(AVAILABLE DATA)

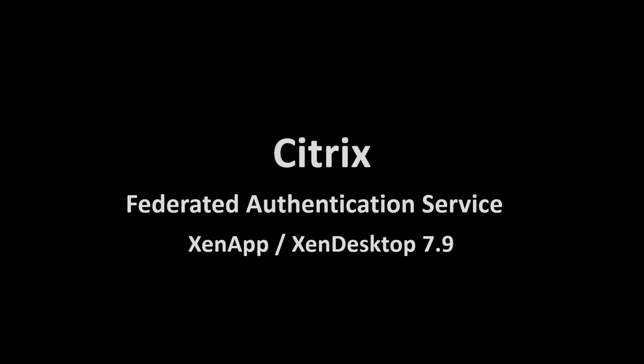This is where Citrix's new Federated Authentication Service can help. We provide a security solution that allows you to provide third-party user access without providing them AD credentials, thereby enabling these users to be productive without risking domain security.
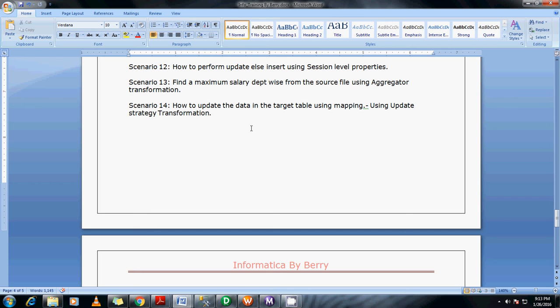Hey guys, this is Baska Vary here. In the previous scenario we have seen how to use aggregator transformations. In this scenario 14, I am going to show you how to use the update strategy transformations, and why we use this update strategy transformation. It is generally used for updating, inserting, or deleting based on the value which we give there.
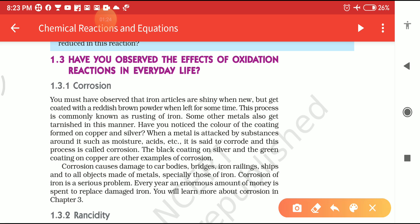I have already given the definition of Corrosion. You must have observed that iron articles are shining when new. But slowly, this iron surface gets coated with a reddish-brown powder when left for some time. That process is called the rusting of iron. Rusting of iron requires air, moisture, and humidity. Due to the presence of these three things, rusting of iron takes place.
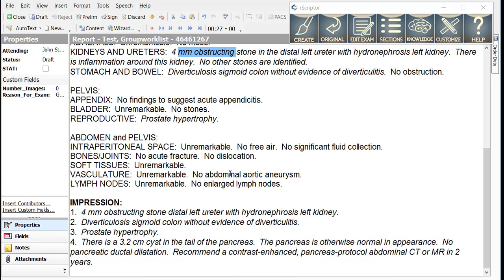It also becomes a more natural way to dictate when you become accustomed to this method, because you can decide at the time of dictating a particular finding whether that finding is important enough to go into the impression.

(WORK ITEM) Reproduce exactly the line containing "I have already" and every line after it in the material above, up to and including the last. Exclude all pictures.

(EXERCISE SOLUTION)
I have already given the definition of Corrosion. You must have observed that iron articles are shining when new. But slowly, this iron surface gets coated with a reddish-brown powder when left for some time. That process is called the rusting of iron. Rusting of iron requires air, moisture, and humidity. Due to the presence of these three things, rusting of iron takes place.
It also becomes a more natural way to dictate when you become accustomed to this method, because you can decide at the time of dictating a particular finding whether that finding is important enough to go into the impression.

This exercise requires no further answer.